_STUDY MATERIAL_
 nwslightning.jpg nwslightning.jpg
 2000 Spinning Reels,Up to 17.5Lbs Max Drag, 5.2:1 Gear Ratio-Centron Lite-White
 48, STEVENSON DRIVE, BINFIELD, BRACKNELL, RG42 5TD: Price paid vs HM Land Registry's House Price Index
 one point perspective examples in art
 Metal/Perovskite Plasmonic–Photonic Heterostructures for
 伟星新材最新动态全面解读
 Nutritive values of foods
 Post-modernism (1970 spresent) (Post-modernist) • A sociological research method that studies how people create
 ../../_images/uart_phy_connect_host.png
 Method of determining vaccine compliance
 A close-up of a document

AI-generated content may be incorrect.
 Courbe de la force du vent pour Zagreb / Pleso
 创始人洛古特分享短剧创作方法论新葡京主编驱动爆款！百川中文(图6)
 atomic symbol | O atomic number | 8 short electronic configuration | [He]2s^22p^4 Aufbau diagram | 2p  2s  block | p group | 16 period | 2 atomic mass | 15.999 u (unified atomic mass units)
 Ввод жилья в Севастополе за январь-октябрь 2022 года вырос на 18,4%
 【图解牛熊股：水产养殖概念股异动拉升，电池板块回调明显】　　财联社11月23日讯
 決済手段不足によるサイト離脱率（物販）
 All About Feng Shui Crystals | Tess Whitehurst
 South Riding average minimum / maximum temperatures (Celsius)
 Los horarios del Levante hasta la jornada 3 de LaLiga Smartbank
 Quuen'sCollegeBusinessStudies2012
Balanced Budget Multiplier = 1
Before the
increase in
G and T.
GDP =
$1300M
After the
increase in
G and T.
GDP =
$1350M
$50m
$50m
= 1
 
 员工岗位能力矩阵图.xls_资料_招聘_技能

_REQUIREMENT_
Give every entry back exactly as it was written above.

_ANSWER FOR THIS EXERCISE_
 nwslightning.jpg nwslightning.jpg
 2000 Spinning Reels,Up to 17.5Lbs Max Drag, 5.2:1 Gear Ratio-Centron Lite-White
 48, STEVENSON DRIVE, BINFIELD, BRACKNELL, RG42 5TD: Price paid vs HM Land Registry's House Price Index
 one point perspective examples in art
 Metal/Perovskite Plasmonic–Photonic Heterostructures for
 伟星新材最新动态全面解读
 Nutritive values of foods
 Post-modernism (1970 spresent) (Post-modernist) • A sociological research method that studies how people create
 ../../_images/uart_phy_connect_host.png
 Method of determining vaccine compliance
 A close-up of a document

AI-generated content may be incorrect.
 Courbe de la force du vent pour Zagreb / Pleso
 创始人洛古特分享短剧创作方法论新葡京主编驱动爆款！百川中文(图6)
 atomic symbol | O atomic number | 8 short electronic configuration | [He]2s^22p^4 Aufbau diagram | 2p  2s  block | p group | 16 period | 2 atomic mass | 15.999 u (unified atomic mass units)
 Ввод жилья в Севастополе за январь-октябрь 2022 года вырос на 18,4%
 【图解牛熊股：水产养殖概念股异动拉升，电池板块回调明显】　　财联社11月23日讯
 決済手段不足によるサイト離脱率（物販）
 All About Feng Shui Crystals | Tess Whitehurst
 South Riding average minimum / maximum temperatures (Celsius)
 Los horarios del Levante hasta la jornada 3 de LaLiga Smartbank
 Quuen'sCollegeBusinessStudies2012
Balanced Budget Multiplier = 1
Before the
increase in
G and T.
GDP =
$1300M
After the
increase in
G and T.
GDP =
$1350M
$50m
$50m
= 1
 
 员工岗位能力矩阵图.xls_资料_招聘_技能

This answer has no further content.